- **DATA FOR REVIEW**:

——————

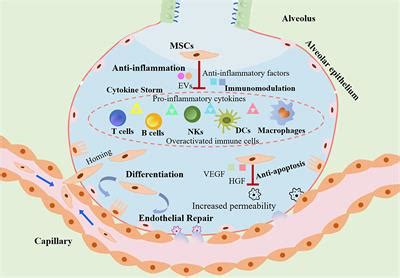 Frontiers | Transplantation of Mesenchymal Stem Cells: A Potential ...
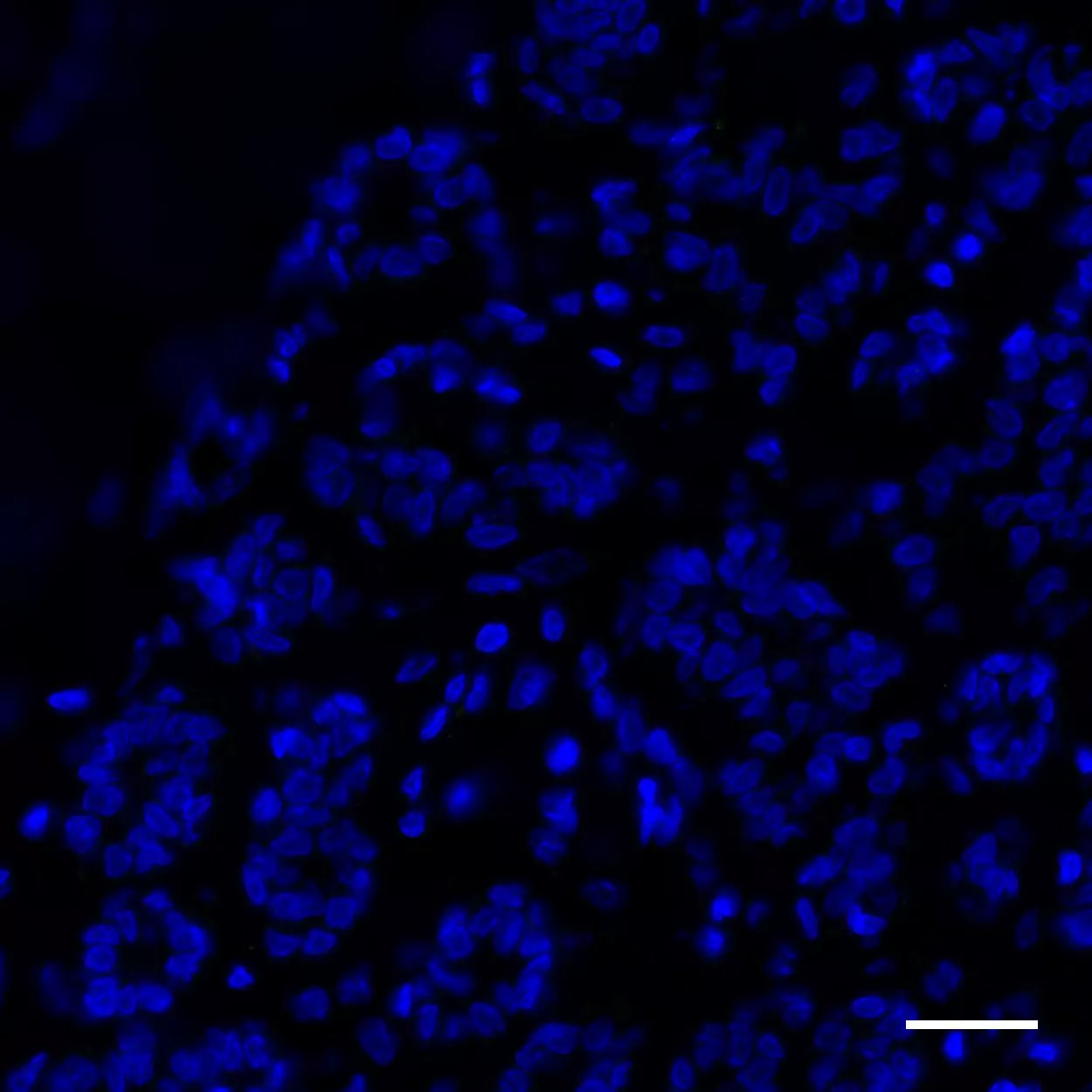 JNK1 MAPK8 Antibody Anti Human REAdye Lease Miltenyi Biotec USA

——————

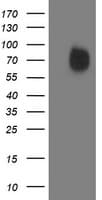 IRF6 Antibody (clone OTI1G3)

——————

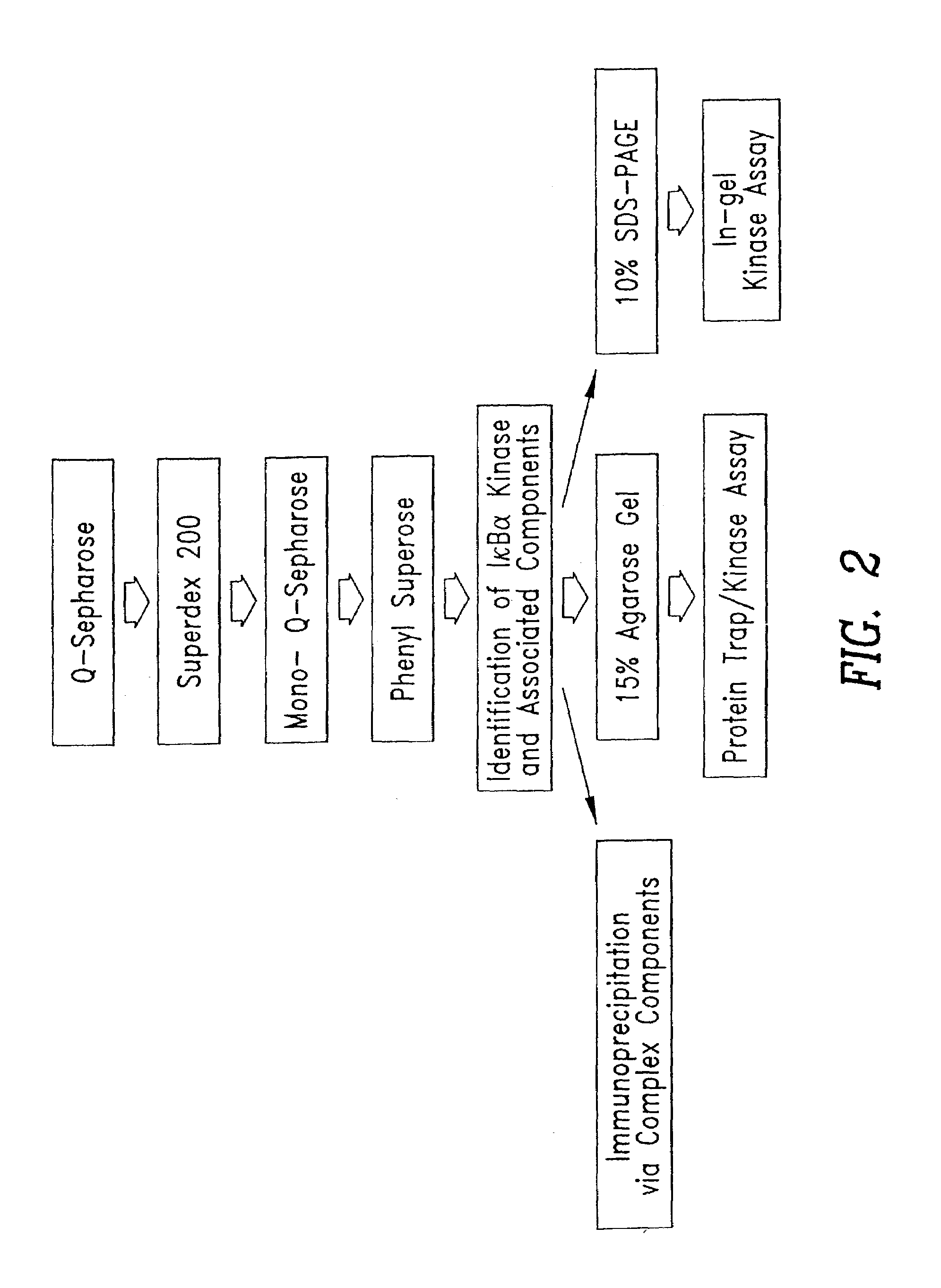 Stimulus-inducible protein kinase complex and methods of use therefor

——————

- **REQUIRED ACTION**:
Return only the part above that opens with the line containing "Frontiers | Transplantation" and closes with the line containing "JNK1 MAPK8 Antibody", exactly and with both ends, skipping the pictures.

- **RESULT BELOW**:
 Frontiers | Transplantation of Mesenchymal Stem Cells: A Potential ...
 JNK1 MAPK8 Antibody Anti Human REAdye Lease Miltenyi Biotec USA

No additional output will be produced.